A noite fascina-me.
Eu sei que é o dia que traz o sol e a luz e o calor e as cores, o céu azul, os campos verdejantes, a água cristalina, os pássaros nas árvores, a vida a toda a volta. Eu sei. Sei isso tudo. Mas, ainda assim, é a noite que me cativa.
De preferência, se puder escolher, aquelas noites durante a semana de trabalho, porque nessas, bem a meio, sais de mansinho à varanda e escutas o silêncio. Apenas e só. Consegues ouvi-lo: para lá do teu muro, a súbita cessação do caos do dia, pairando no ar como uma melodia muda, suspensa, em pausa indefinida.
Lá no alto, a lua e as estrelas fazem-te sentir que não estás sozinha, ainda que estivesses num deserto. Sussurram-te lá do longe que também elas estão acordadas para te fazerem companhia.

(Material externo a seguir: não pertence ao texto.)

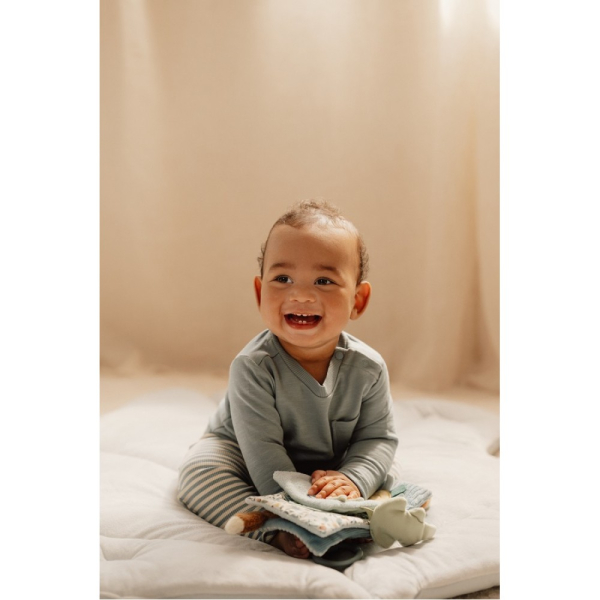 Продукт Little Dutch - Мека Книжка за Количка - 0 - BG Hlapeta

Na rua, mais abaixo, os semáforos alternam num jogo de luz e sombra, entre o verde e o amarelo e o vermelho, para um trânsito invisível. Imagino por dois segundos a brisa do ar a parar obedientemente perante o vermelho, atravessando depois o cruzamento sob a luz verde, num pára-arranca ritmado, suave.
A ausência de tudo apazigua a mente e reconforta a alma. Sem o sol, vai-se a luz; sem a luz, vão-se as pessoas; sem as pessoas, vão-se os carros e as lambretas, vai-se o ruído, vai-se a agitação, vai-se a pressa, vai-se a ansiedade. Ficas tu, acordada, e uma paz infinita à tua volta. É desse silêncio e dessa paz que eu mais gosto. Os meus quinze minutos, num dia que dizem ter vinte e quatro horas, só para mim. Eu e os meus botões. Eu e os meus pensamentos. Eu e as minhas reflexões sobre o dia que passou.
Reflectes sobre os pais que estão longe, sobre os avós que estão velhos, sobre os irmãos que constroem as suas vidas pedra sobre pedra, sobre os amigos que vão casando, sobre os problemas dos outros que tomas para ti como teus e, por fim, sobre ti mesma. Sobre os teus sucessos e os teus fracassos, os teus desejos e os teus medos, as tuas ambições e as tuas fragilidades. Especialmente aquelas mais sombrias, que evitas durante o dia, mas de que durante a noite não tens como fugir.
Depois, medes o valor do dia que terminou pela soma ponderada de todas essas parcelas e pela forma como, por fim, isso se reflectiu em ti, bem no fundo do teu ser; no fundo do teu coração de que não falas e não revelas a ninguém. Fica em teu segredo, de ti para ti, entre as estrelas e a lua e os semáforos que continuam piscando. E é por isso que tanto me cativa a noite, porque conhecer a noite é conheceres cantos de ti que nunca conheceste; é ires mais longe e é ires mais fundo ao centro de quem és e é, por tudo isso, conheceres e aprenderes a conviver em paz com cada traço de ti, os bons e os menos bons. Aqueles de que gostas, aqueles que desprezas e aqueles que odeias.
Na noite seguinte tornas a esgueirar-te lá para fora em plena madrugada e o silêncio apodera-se de ti como droga no sangue. A experiência torna-se hábito, depois rotina e pouco depois vício. Não contas a ninguém, mas o dia seguinte nasce e tu só fazes figas para que passe depressa e a noite regresse, para te sentares de novo na varanda, à mesa com o silêncio, frente a frente contigo própria.